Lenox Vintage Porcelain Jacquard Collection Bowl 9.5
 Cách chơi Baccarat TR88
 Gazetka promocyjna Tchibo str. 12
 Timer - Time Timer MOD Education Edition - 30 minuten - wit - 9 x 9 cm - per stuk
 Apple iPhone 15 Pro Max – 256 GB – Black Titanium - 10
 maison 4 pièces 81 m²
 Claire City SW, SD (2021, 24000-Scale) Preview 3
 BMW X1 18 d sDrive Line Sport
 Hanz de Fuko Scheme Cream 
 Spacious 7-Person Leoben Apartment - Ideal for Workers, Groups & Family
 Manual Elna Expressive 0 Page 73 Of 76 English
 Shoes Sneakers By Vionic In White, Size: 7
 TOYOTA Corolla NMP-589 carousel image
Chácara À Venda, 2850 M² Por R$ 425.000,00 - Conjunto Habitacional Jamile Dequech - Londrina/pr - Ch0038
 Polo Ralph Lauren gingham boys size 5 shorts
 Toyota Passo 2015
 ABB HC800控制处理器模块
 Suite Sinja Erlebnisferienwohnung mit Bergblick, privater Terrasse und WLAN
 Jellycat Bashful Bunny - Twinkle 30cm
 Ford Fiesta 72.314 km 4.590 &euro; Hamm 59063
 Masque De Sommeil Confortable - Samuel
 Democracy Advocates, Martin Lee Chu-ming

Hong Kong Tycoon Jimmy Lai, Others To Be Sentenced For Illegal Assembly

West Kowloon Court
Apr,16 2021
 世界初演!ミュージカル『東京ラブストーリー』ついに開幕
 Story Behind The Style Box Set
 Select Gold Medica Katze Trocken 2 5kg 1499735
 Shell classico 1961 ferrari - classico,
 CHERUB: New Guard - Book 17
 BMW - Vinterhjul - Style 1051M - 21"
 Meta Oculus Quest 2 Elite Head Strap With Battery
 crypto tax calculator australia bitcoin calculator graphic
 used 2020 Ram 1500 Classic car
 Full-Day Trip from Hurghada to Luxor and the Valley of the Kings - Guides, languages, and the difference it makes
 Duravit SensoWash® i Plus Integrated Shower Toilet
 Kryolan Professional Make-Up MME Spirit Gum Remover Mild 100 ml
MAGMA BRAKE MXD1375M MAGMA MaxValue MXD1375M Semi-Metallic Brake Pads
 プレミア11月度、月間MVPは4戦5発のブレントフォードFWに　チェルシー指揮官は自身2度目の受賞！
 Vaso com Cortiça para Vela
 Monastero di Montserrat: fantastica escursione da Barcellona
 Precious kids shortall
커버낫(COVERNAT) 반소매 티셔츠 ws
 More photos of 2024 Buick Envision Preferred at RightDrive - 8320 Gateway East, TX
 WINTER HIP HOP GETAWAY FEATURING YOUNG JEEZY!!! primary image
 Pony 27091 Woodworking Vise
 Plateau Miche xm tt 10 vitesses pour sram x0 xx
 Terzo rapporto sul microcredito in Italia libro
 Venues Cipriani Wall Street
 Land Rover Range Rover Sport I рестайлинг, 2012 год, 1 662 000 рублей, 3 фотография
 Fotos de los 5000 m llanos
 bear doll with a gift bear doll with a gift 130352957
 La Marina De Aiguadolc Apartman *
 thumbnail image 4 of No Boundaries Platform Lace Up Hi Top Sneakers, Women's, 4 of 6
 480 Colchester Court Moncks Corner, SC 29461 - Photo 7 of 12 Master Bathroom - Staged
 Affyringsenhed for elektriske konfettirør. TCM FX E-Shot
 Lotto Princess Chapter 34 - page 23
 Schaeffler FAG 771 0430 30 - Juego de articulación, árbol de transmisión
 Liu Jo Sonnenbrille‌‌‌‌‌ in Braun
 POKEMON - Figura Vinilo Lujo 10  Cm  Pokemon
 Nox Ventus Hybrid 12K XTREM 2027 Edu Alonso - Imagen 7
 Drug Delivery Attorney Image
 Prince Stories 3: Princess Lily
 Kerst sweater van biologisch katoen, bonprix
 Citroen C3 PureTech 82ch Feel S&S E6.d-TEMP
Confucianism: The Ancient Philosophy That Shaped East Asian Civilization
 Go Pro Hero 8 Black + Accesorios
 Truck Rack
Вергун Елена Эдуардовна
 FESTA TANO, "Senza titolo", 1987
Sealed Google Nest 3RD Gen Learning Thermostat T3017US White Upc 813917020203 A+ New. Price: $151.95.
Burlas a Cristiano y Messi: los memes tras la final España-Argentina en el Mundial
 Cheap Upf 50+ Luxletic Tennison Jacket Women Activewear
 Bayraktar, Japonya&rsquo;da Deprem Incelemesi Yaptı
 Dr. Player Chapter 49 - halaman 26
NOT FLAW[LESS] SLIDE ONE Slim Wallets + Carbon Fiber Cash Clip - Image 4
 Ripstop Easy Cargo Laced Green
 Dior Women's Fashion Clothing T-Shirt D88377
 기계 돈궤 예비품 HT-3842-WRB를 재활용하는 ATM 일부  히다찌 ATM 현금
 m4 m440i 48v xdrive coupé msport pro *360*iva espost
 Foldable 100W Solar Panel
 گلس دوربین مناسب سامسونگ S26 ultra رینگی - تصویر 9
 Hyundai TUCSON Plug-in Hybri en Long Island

What this task involves ::
Lines in the listing above that contain the word "Sneakers" must be copied; leave out the rest.

Your response ::
 Shoes Sneakers By Vionic In White, Size: 7
 thumbnail image 4 of No Boundaries Platform Lace Up Hi Top Sneakers, Women's, 4 of 6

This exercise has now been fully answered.